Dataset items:
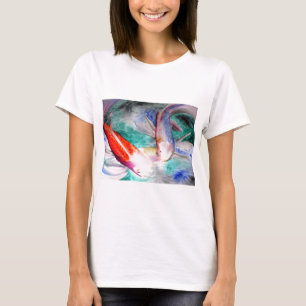 Butterfly Koi Aquarell Japanische Fischkunst T-Shirt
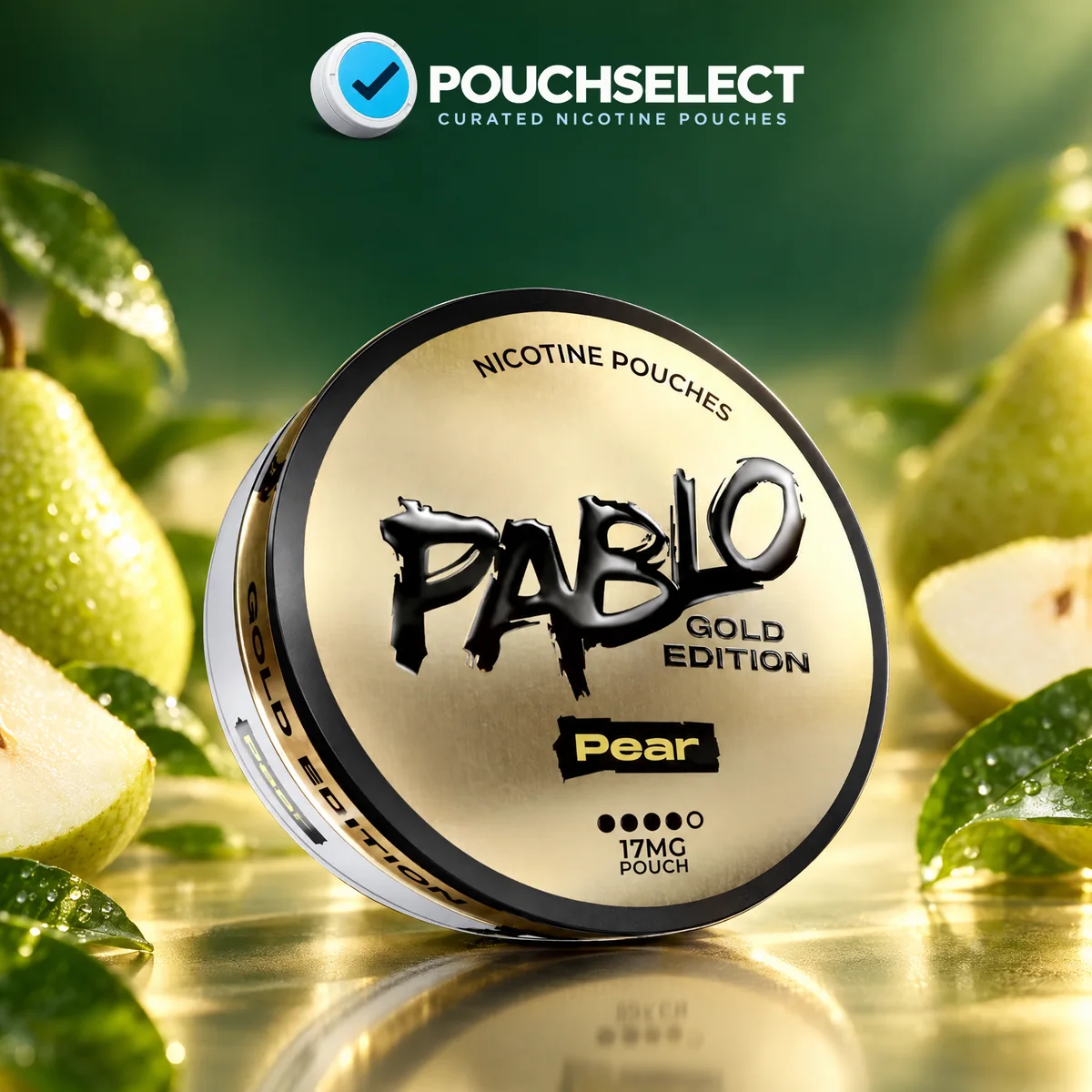 Pablo Pear Gold Edition nicotine pouches can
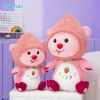 Gấu Bông Hải Lý Loopy Hồng Đáng Yêu Cao Cấp Memon Đội Mũ Trái Cây, Giá chỉ 198.000đ 3
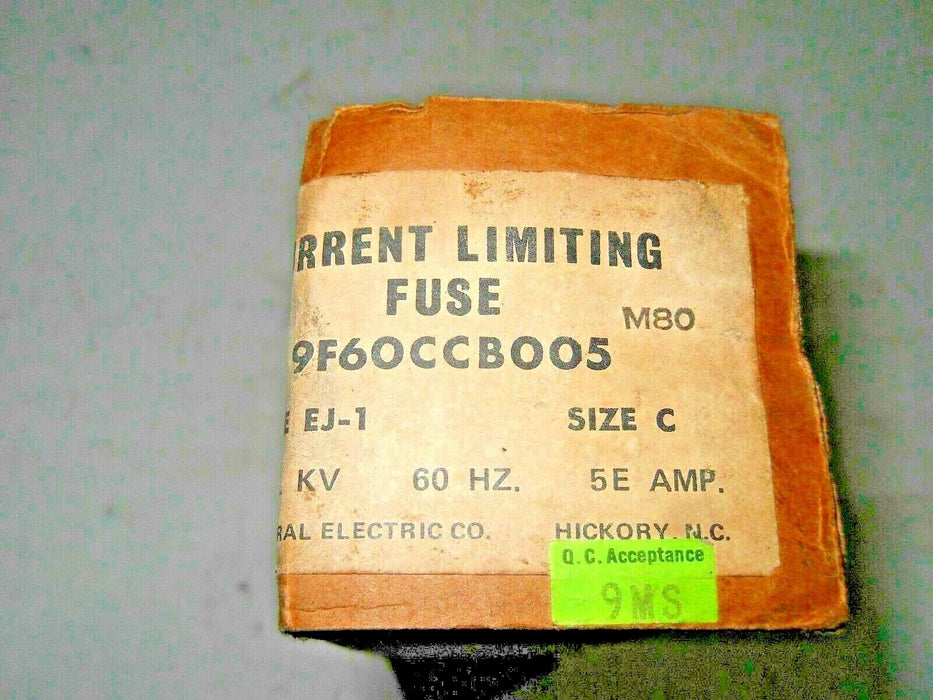 GE 9F60CCB005 Current Limiting Fuse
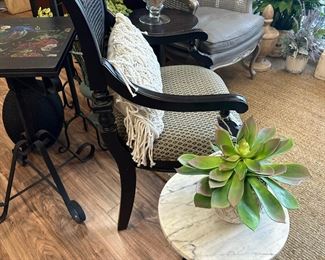 Antique Carved Cane Back Chair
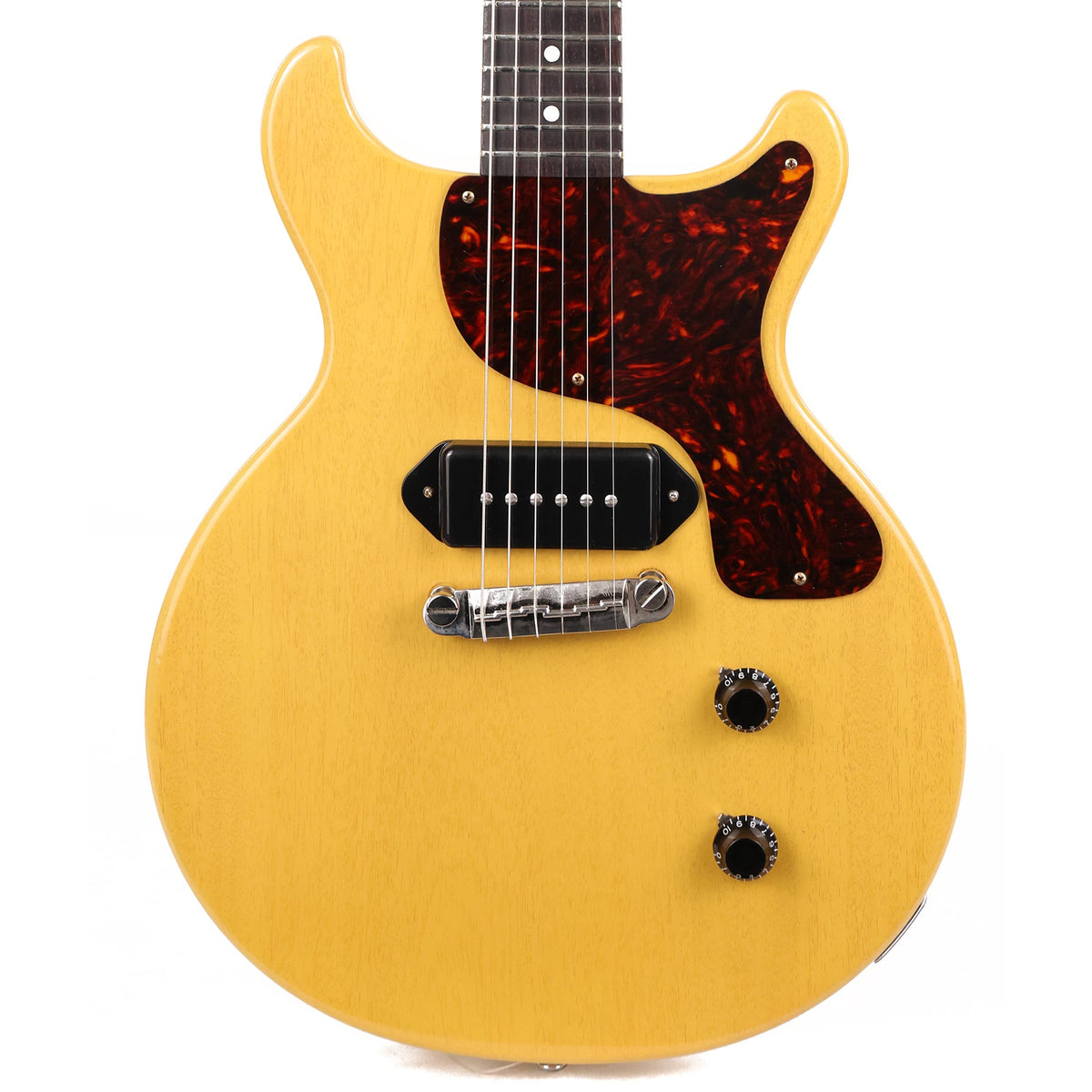 Gibson Custom Shop 1958 Les Paul Junior Double Cut Reissue TV Yellow VOS 2021 — 1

== Required action ==
Starting with the line that contains "Antique Carved Cane Back Chair", print every line through the end of the data exactly as written; omit all pictures and add nothing else.

== Your response ==
 Antique Carved Cane Back Chair
 Gibson Custom Shop 1958 Les Paul Junior Double Cut Reissue TV Yellow VOS 2021 — 1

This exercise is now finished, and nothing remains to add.